Weighted average selling Microsilica/Slag (in USD $250/$100) CAD 333/133 no change
Weighted average selling of SiO2 for local sale (in USD $24.38) CAD 32.50 no change
Direct CAPEX CAD 220.3 M no change
Indirect CAPEX CAD 90.8M no change
Contingency (15 %) CAD 32.8M no change
Owner costs CAD 8.0M no change
Total CAPEX CAD 311.1M no change
Projected Construction Period Month 18 to 24 no change

Tonne =1000kg=2205 lb
Exchange rate $0.75 USD = $ 1.00 CAD use throughout this press release.

Cautionary Note: Prefeasibility Study information is not a guarantee of future performance.  Furthermore, such forward-looking information involves a variety of know and unknown  risks, uncertainties and other factors, which may cause the actual plans, intentions, activities, results, performances or achievements of CME to be materially different from any plans define in the Prefeasibility study.  The purpose of this PFS is to inform the reader of the economic potential of the mineral property within a degree of accuracy of ± 25 %.

Amended PFS compared with the results of the Pre-Economic Assessment (PEA) the following can be highlighted:

  • From PEA a NPV@8% of 273.1 CAD and an IRR of 18.0% after-tax
  • From PFS a NPV@8% of 171 CAD and an IRR of 14.4% after-tax.
  • The metallurgical plan has been relocated from Matane to Baie-Comeau with a significant optimization around the plant layout and production of the FeSi75.
  • We have increased the percentage of Budget Quotes and Estimated items to secure the CAPEX (According to AACE Estimate Standards class 4 @ ±25 (range -30% to 40%) engineering completions 5 to 12%)
  • We have increased the OPEX budget quotes from several items for the raw materials, including Coal, Woodchips and quartz (transport and quarry operation)
  • Construction activities were not factorized but estimated based on an equipment list, preliminary MTO and Technology suppliers background
  • We have optimised the furnace size based on the operators, experts and technology suppliers advises.  The aim was to have a stable operation with less innovation to commission.
  • The Price market study came from a list of experts such as Roskill, CRU, MetalBulletin, Platts, CIBC, BMO, Argus ferro-Alloys, Ryan`s note (Peter Ryan).
  • For the PFS formal quotes for mining, crushing and screening costs at the quarry compares to estimation in the PEA.

The new location of the metallurgical plant in Baie-Comeau has advantages such as significant HQ electrical grid location (capacity and availability), access and retention of skilled labour.  Furthermore, Baie-Comeau has the benefits of an industrial platform to support operation and maintenance contracting strategy an easy access to service-industrial providers.

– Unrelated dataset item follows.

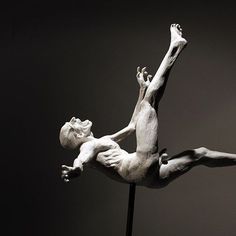 a sculpture of a man on a pole with his legs spread out in the air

Mineral Resources (no changes from Original to Amended PFS)

  • High-grade silica sandstone deposit at surface open-pit constrained resources at a cut-off grade of 97% SiO2;
  • Major increase in resource estimates 217% for Langis compared to the October 2016 resources.
  • The block model is a 5m x 5m x 3m 3-dimensional block model with each block containing major elements SiO2 %, Fe2O3 %, Al2O3%, MgO %, MnO %, K2O %, CaO %, Na2O %, TiO2 % grades, density and resource classification (Measured, Indicated, and Inferred).

Table 2 Mineral Resources

Category Total Silica (mt) SiO2 Grade (%)
Measured 3.9 99.01%
Indicated 3.7 98.97%
Total (M+I) 7.6 98.96%
Inferred 14.0 98.97%

Cautionary Note: Mineral Resources are not Mineral Reserves and have no demonstrated economic viability. The estimate of Mineral Resources may be materially affected by mining, processing, metallurgical, infrastructure, economic, marketing, legal, environmental, social and governmental factors.

Mining (no changes from Original to Amended PFS)

The mining method selected for the Project is a conventional open pit, truck and shovel, drill and blast operation.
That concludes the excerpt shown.